Detección de algas con IA en camaroneras: cómo funciona

Equipo Yubox
Equipo Yubox
7 de July, 2026
Acuicultura Inteligencia Artificial Calidad de Agua
Detección de algas con IA en camaroneras: cómo funciona

Ya vimos cómo la turbidez y el pH leídos juntos delatan hacia dónde va una floración de fitoplancton antes de que el ojo la note. Esa es una forma indirecta de “ver” las algas: infiere su densidad a partir de cómo afectan otras variables. Pero en los últimos años se ha desarrollado un conjunto de técnicas que apuntan a detectar las algas directamente, e incluso identificar de qué especie se trata, usando inteligencia artificial. Esta nota explica, sin exagerar su madurez, cómo funcionan esas técnicas y qué tan lista está cada una para una camaronera ecuatoriana.

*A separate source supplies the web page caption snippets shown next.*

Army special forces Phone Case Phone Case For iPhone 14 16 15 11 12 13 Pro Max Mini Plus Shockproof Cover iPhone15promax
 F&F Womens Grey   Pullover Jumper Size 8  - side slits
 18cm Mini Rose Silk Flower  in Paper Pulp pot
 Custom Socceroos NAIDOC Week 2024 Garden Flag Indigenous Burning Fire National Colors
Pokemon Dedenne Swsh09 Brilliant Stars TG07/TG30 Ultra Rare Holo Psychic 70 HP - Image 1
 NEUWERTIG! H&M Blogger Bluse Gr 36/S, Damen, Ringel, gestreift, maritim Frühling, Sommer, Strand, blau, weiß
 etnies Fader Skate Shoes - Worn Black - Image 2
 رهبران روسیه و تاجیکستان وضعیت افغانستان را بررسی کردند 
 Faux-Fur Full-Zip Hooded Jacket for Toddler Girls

Por qué importa saber qué alga está proliferando, no solo cuánta hay

No toda floración de fitoplancton es igual de riesgosa. En piscinas camaroneras de la costa ecuatoriana, los estudios de fitoplancton reportan un predominio de cianobacterias (algas verde-azules) del género Oscillatoria —principalmente Oscillatoria limnetica y O. amphigranulata— como los taxones que con más frecuencia forman floraciones densas. El problema es que un sensor de turbidez o un disco de Secchi miden cantidad de partículas en suspensión, pero no distinguen una floración de diatomeas relativamente benigna de una dominada por cianobacterias, que consumen oxígeno de forma más agresiva de madrugada y en algunos casos producen toxinas. Saber la composición, no solo la densidad, es lo que separa una alerta útil de una alerta genérica.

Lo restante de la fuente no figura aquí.